The ecosystem itself has several economies of scale that actually make the entire ecosystem more efficient and save everyone participating a lot of money over time:

  • Reusability: Instead of every Community paying to develop the same functionality over and over, one App Developer can just release it and make it available in a "productized" way to all Communities via the Qbix Platform. And every time there is a new version, improvement or bugfix, it is made available to everyone.

  • Remixing: By being made widely available and freely licensed in an open ecosystem, Apps and Content can find new uses that their original authors never even imagined. We have already seen the explosion of innovation enabled by the Web over the last 20 years. Now, Qbix Platform can take it to the next level.

  • Network Effects: App Developers and Hosting Companies are incentivized to make as many partnerships as they can with one another. The more Apps a Hosting Company offers, the more Communities will use them.

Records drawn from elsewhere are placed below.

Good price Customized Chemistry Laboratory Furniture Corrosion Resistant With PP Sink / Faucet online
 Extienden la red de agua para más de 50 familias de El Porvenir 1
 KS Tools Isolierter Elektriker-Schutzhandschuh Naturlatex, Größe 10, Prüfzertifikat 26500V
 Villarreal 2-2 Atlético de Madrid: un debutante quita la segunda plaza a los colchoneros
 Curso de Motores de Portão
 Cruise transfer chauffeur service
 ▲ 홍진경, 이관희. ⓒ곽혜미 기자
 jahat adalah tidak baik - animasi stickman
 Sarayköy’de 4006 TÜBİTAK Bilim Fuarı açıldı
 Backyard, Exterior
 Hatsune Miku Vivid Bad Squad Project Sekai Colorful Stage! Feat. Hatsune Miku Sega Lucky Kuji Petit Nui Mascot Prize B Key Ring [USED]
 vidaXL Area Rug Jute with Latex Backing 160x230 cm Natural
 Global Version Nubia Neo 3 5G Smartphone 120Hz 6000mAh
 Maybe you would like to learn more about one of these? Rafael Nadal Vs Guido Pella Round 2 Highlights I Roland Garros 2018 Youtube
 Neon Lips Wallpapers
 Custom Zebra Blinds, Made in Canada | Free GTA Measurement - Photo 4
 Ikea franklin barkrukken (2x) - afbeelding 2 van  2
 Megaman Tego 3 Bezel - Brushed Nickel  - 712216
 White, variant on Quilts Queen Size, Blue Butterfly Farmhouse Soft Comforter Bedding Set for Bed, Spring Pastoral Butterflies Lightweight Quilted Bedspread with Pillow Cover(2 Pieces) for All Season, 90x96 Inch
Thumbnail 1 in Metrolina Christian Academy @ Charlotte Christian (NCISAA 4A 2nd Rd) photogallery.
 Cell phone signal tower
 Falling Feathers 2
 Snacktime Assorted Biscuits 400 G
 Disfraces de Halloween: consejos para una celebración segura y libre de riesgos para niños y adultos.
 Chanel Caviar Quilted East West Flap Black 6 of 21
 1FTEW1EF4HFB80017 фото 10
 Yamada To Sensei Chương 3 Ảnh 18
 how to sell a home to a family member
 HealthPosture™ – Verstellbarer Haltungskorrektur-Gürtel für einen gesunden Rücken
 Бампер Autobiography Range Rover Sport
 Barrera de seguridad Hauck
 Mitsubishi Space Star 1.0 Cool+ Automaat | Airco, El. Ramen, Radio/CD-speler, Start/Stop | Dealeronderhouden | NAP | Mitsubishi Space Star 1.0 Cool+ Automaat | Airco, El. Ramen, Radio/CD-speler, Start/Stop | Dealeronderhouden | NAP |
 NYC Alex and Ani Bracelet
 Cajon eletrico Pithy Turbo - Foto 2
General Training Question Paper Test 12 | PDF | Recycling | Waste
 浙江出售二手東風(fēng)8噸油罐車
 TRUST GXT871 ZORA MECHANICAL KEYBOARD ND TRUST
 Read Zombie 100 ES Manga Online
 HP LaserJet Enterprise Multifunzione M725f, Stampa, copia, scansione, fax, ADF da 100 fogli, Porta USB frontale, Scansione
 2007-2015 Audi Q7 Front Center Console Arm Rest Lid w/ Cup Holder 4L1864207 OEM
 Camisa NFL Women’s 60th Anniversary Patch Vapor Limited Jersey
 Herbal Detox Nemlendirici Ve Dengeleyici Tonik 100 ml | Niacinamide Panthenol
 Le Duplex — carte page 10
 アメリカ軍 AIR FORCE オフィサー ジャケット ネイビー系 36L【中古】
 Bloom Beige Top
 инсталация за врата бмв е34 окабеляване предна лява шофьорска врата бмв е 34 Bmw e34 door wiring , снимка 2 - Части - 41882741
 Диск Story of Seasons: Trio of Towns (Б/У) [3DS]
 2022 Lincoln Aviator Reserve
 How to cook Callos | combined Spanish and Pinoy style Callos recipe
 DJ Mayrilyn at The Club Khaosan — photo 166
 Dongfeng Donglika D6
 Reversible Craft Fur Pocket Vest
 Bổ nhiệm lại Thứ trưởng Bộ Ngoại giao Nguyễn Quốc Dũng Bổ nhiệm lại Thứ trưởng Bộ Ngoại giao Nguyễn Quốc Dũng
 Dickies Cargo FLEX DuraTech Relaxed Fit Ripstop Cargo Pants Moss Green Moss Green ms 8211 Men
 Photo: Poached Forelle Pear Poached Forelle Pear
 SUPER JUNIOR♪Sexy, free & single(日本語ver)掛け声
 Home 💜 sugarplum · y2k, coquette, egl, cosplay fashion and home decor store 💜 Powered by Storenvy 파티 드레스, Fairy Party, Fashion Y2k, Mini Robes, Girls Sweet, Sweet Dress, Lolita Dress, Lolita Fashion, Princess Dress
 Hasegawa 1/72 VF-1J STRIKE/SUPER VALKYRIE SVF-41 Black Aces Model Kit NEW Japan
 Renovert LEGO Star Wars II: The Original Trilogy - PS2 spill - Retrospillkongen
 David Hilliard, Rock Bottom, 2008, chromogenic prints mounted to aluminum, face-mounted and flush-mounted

The more Hosting Companies and Communities use the App, the more money the App Developer makes. The more Communities bought {App}BUX, the less chances any rogue company can clone their app and compete with them. (This action is normally disallowed by the default App licensing.)

  • Separation of Concerns: The whole ecosystem is separated into at least three roles: App Developers, Hosting Companies and Communities. The latter includes Universities, Startups, Organizations, or entire Villages. Rather than hiring in-house programmers, and trying to manage their own infrastructure, they can enjoy the results produced by professionals, in a free and open market.

  • Collaboration: Different roles can work together to help everybody. A hosting company can work with App developers to release a new version that optimizes their unit economics, and thus their profits. This version benefits all hosting companies. A Community can partner with an App Developer to build and promote a new type of app for their members, and then earn QBUX making this app available be hosted worldwide, benefiting communities everywhere. For the first time, making this Open Source really pays.

  • Economics: This economic model also helps prevent common economic problems on the Internet, such as "click fraud". Unlike traditional ad-supported models, the QBUX economic model is closer to micropayment-based models like the Basic Attention Token (Brave Browser). And because Communities have to buy the {App}BUX they spend, they are vigilant not to give "fake traffic" to anyone, because they are effectively spending their own limited QBUX to do it. They thus pass on the cost to their users, through an internal credit system. Their members help the Community purchase more QBUX through various actions, including possibly paying the Community the fiat currency it needs to purchase more QBUX from a market maker.

The Community can manage its own local economics in many ways, including giving users free trials, rewarding them with credits for certain actions, and charging them for usage. All of this can be automated through the Qbix Platform.  

 

Note that regular Users themselves do not need to have custody of QBUX themselves. This allows the system to handle billions of users, and also to be made more compatible with any local regulations, since the only entities that need to pass checks for anti-money-laundering are the Communities, App Developers, Hosting companies and so on.